B. Existence of Contract
La Villa first argues Garza Design did not prove the existence of a legally binding contract because Garza Design failed to offer minutes of a meeting showing La Villa authorized the contract. La Villa relies on Wagner v. Porter, 56 S.W. 560, 561 (Tex.Civ.App.1900), wherein the court held the acts of municipal corporations may only be shown by the minutes of the meetings of their council. Id.2 La Villa argues that because a school board is a governing body, there must be evidence the school board affirmatively acted to approve or ratify the contract. This evidence, it argues, may only be reflected in the authenticated minutes of the school board meeting. See Wagner, 56 S.W. at 561; City of Bonham v. Southwest Sanitation, Inc., 871 S.W.2d 765, 767 (Tex.App.-Texarkana 1994, writ denied).

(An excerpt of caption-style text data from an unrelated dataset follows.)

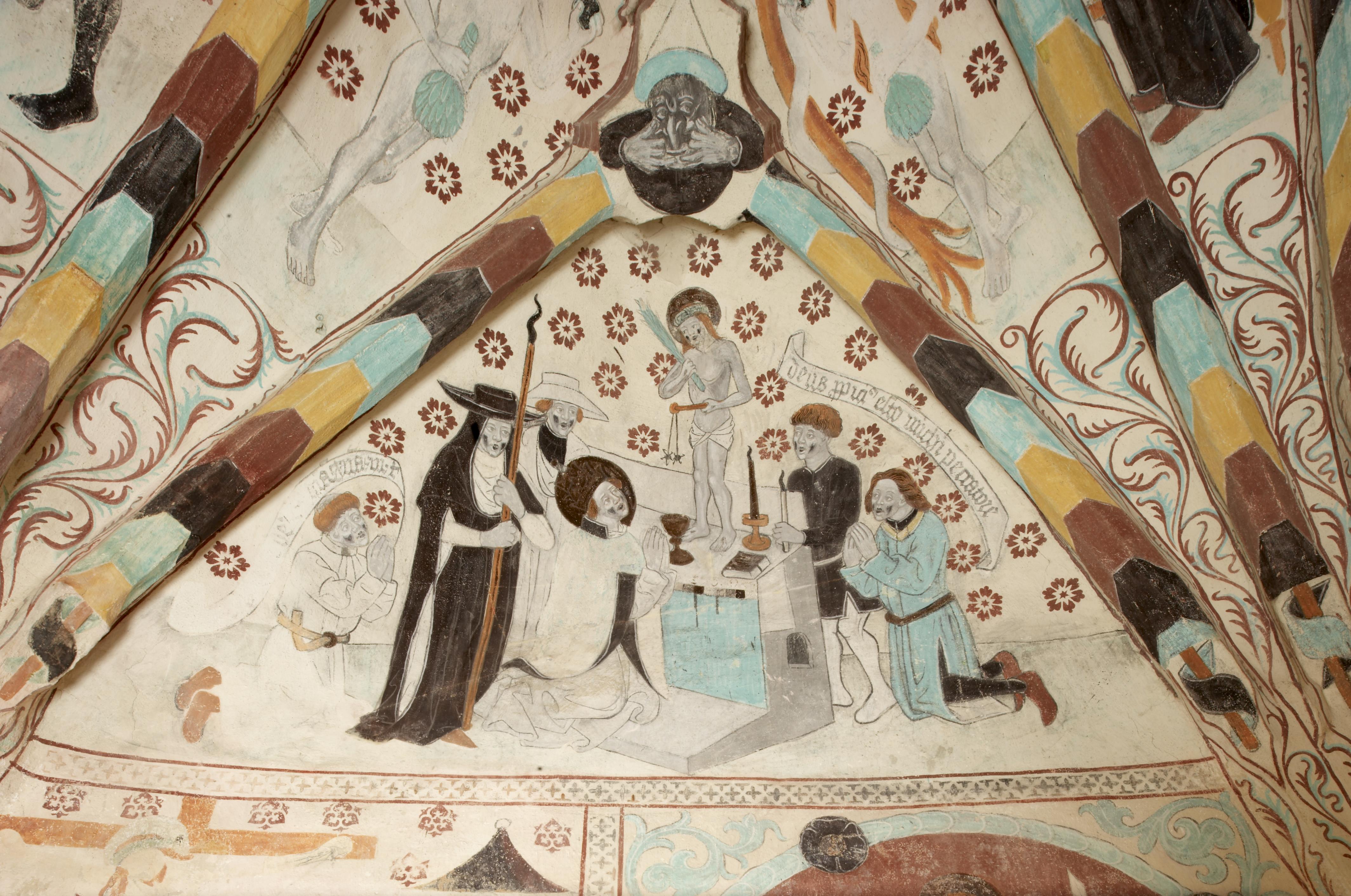Bengt A Lundberg, Härkeberga kyrka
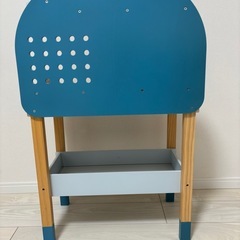 ★美品★  木製　大工さん　おままごとセットの画像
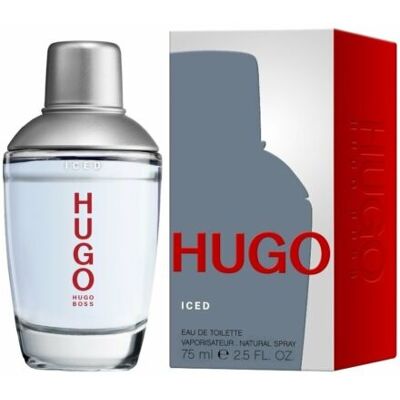 Hugo Boss Hugo Iced - EDT 75 ml Hugo Boss Hugo Iced - EDT 75 ml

The record reflects Garza Design offered minutes from the school board meeting held on May 24, 1995, into evidence. The relevant portions of the meeting state:
A discussion was held for Gomez Garza Design Inc. to proceed with architectural plans for new elementary school campus.
After the discussion, Mr. Salazar moved and Mrs. Ramos seconded to authorize Gomez Garza Design Inc. to proceed with architectural plans for new elementary school campus and to provide several options.
Mr. Garza called for discussion. He called for a vote. All voted in favor. The motion carried.
We find these minutes constitute sufficient evidence to reflect that the school board authorized a contract for the design of a new elementary school.
C. Authority of Superintendent
La Villa further contends that even if we find the minutes reflect authorization of a contract between La Villa and Garza Design, there is insufficient evidence to prove La Villa's superintendent had authority to bind La Villa to the contract. Garza Design counters that La Villa is estopped from making this argument.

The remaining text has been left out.